The records that follow are to be printed exactly, with no images.

_DATA FOR THIS TASK_
######

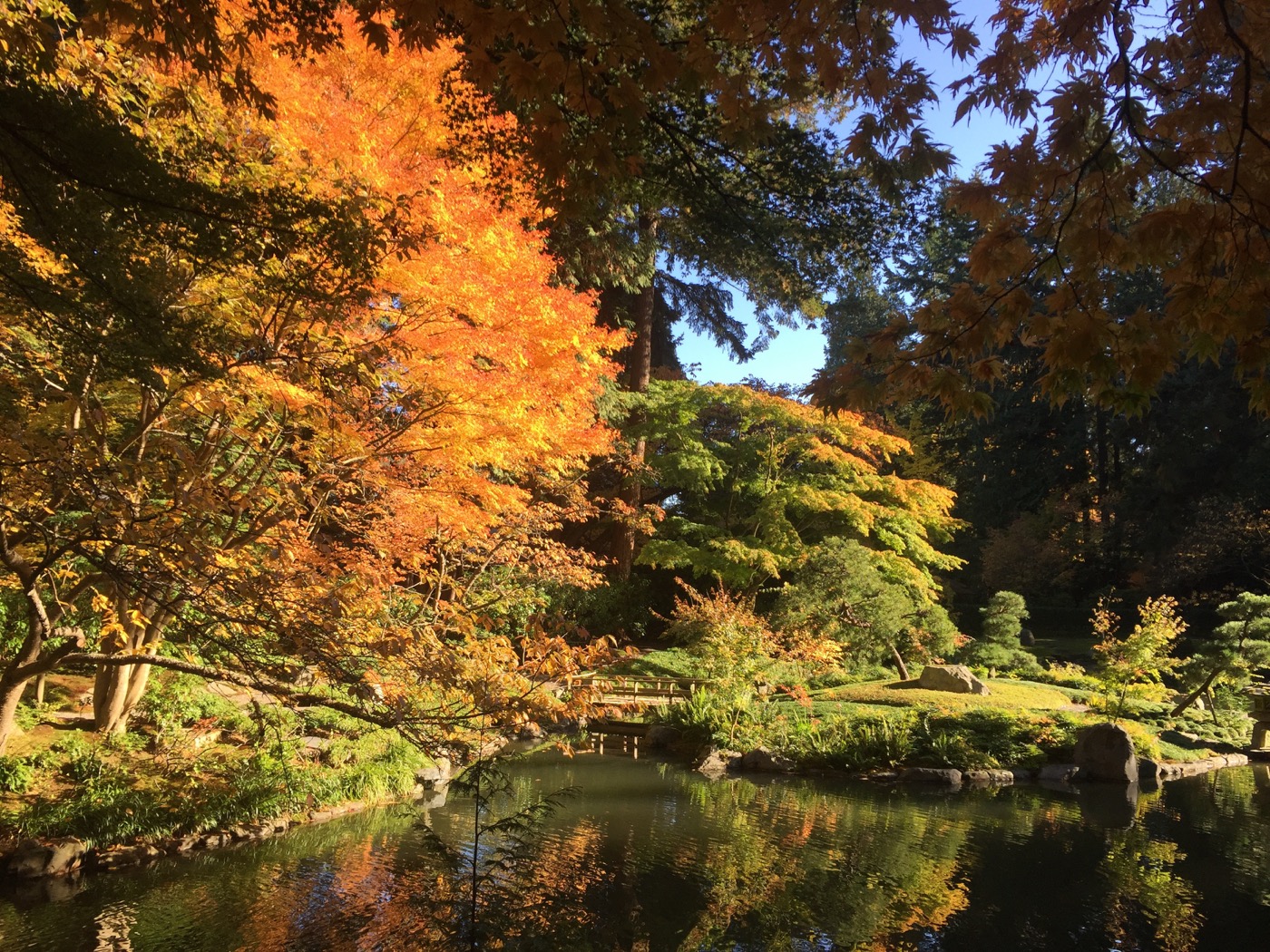 Fall in Vancouver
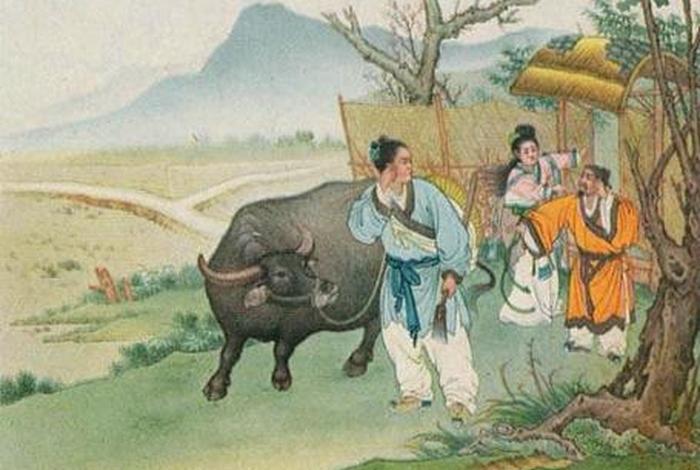 牛郎生活苦的图片；牛郎辛苦的身世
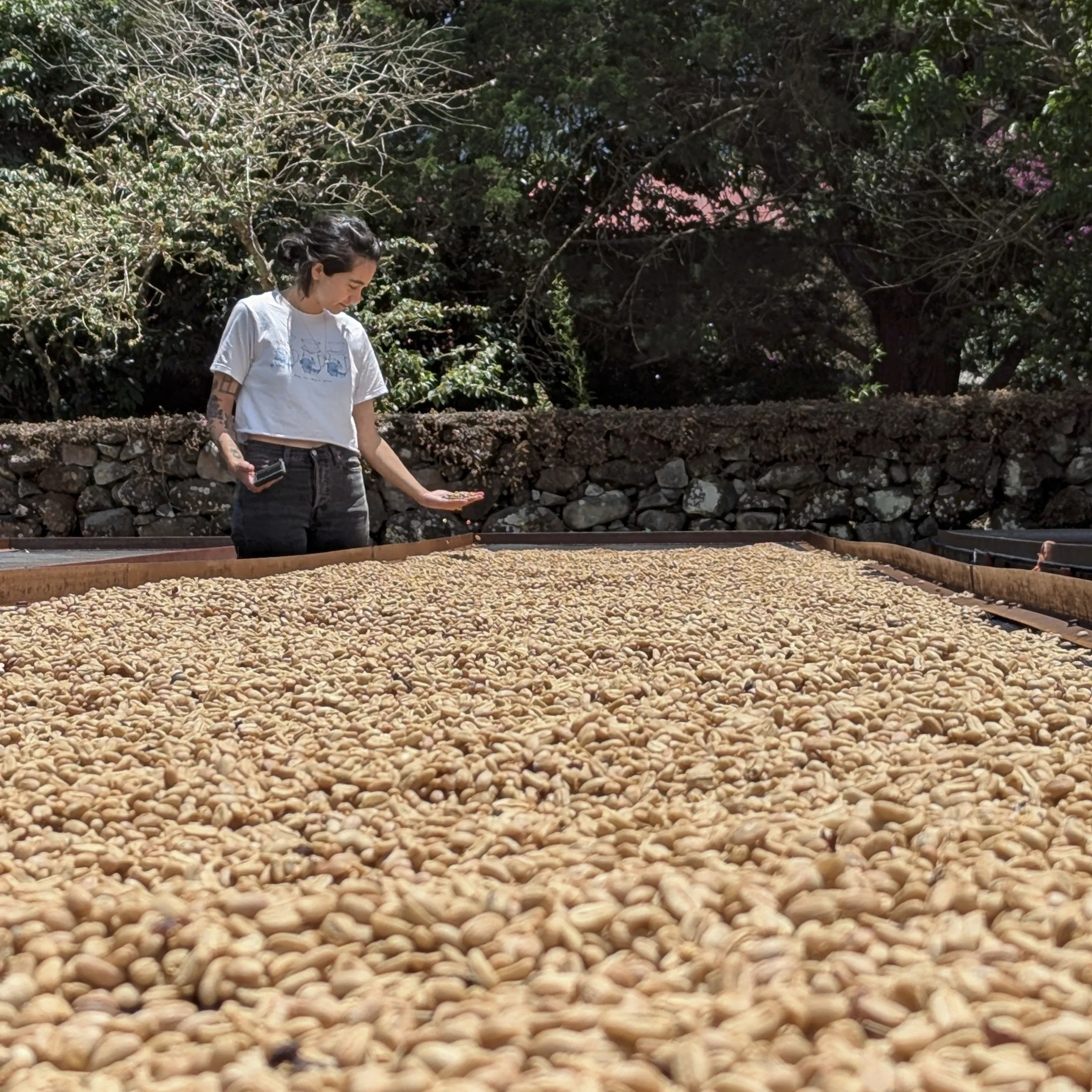 Panama - Carmen Estate Caturra Lot 4 | Washed - Image 4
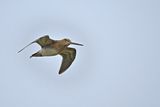 Common Snipe (Gallinago gallinago)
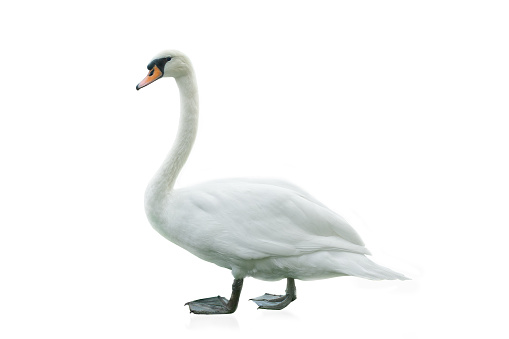 White swan isolated over a white background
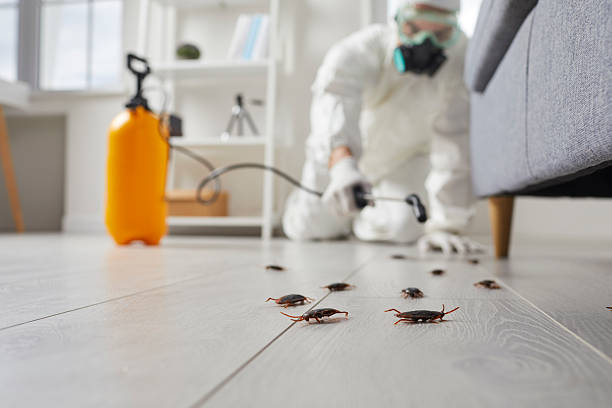 Trusted Fumigation Services service in Smithville, TN - Nex Pest Control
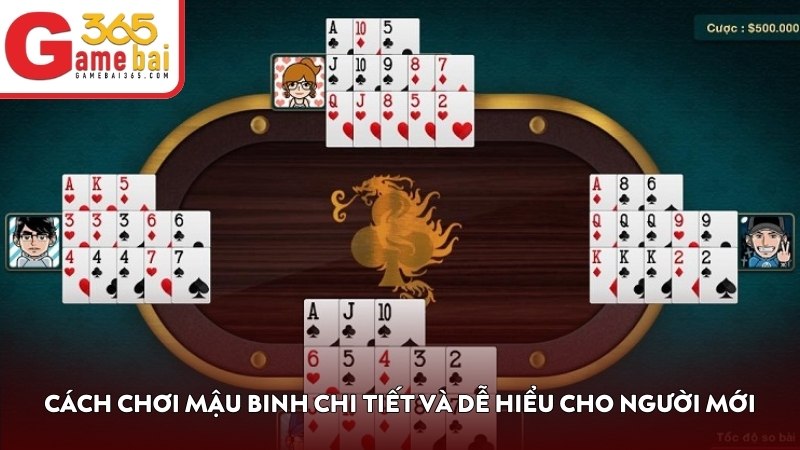 Cách chơi Mậu Binh chi tiết và dễ hiểu cho người mới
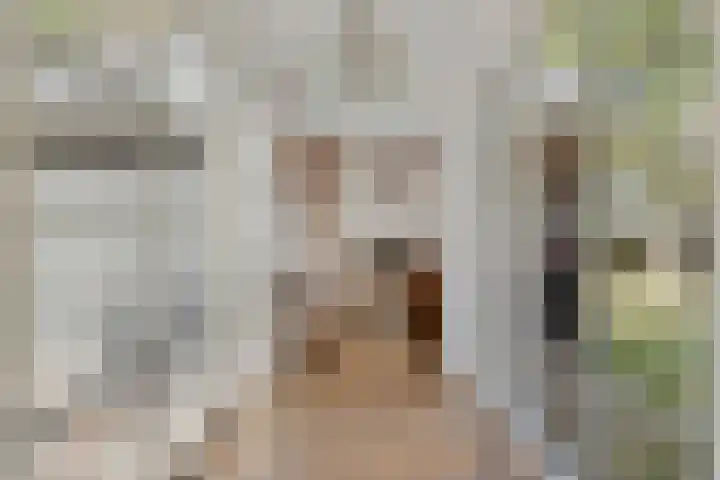 Kolkstraat 11 Sprundel thumbnail 6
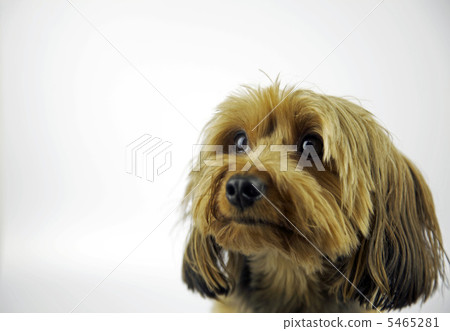 面對一點向上的約克夏犬 5465281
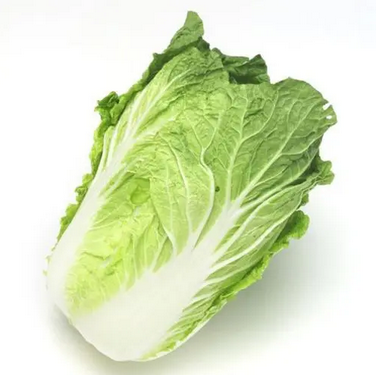 大(dà)白(bái)菜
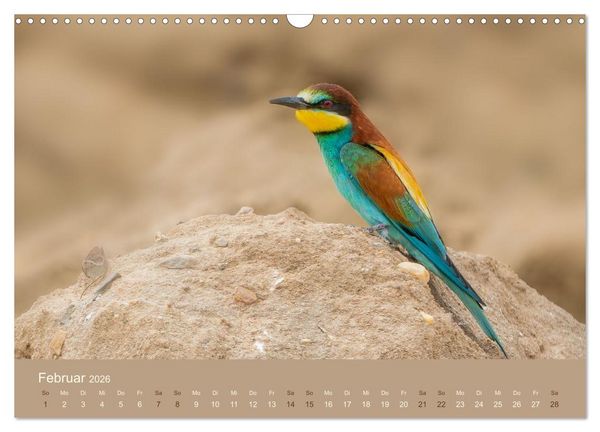 Produktbild: Jenseits der Z&auml;une (Wandkalender 2026 DIN A3 quer), CALVENDO Monatskalender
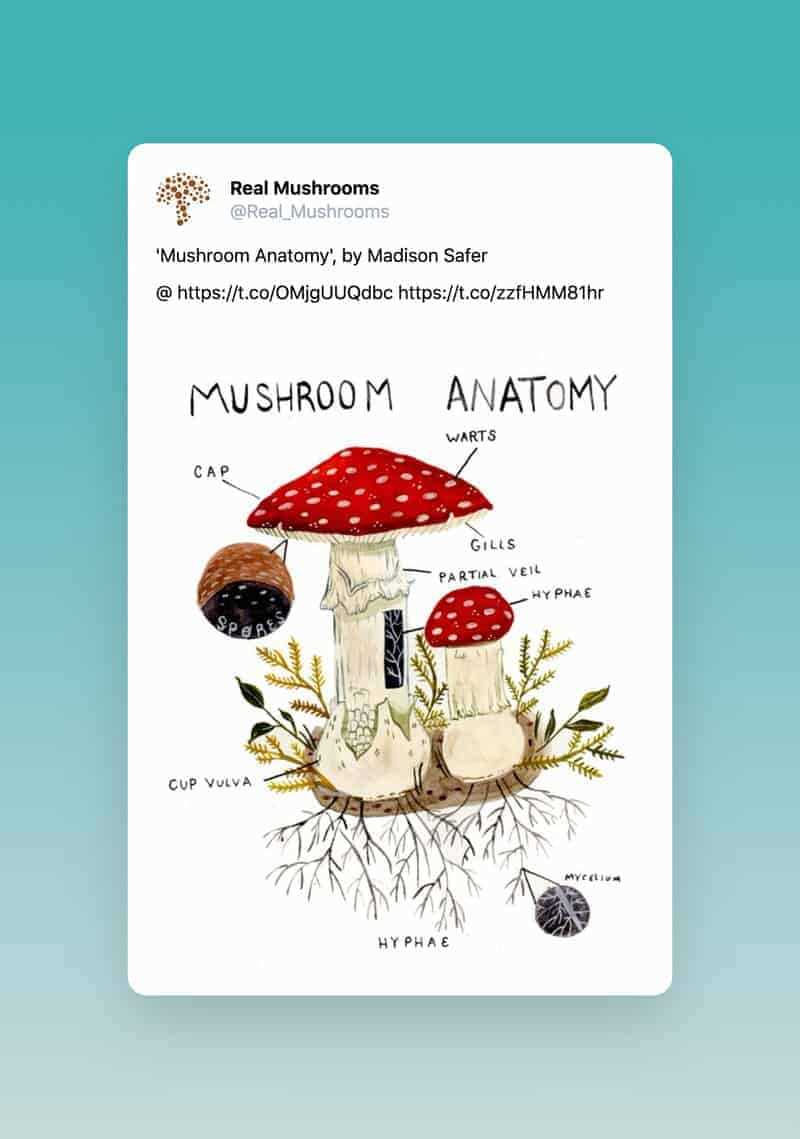 parts of mushroom diagram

######

_ANSWER TO THIS TASK_
 Fall in Vancouver
 牛郎生活苦的图片；牛郎辛苦的身世
 Panama - Carmen Estate Caturra Lot 4 | Washed - Image 4
 Common Snipe (Gallinago gallinago)
 White swan isolated over a white background
 Trusted Fumigation Services service in Smithville, TN - Nex Pest Control
 Cách chơi Mậu Binh chi tiết và dễ hiểu cho người mới
 Kolkstraat 11 Sprundel thumbnail 6
 面對一點向上的約克夏犬 5465281
 大(dà)白(bái)菜
 Produktbild: Jenseits der Z&auml;une (Wandkalender 2026 DIN A3 quer), CALVENDO Monatskalender
 parts of mushroom diagram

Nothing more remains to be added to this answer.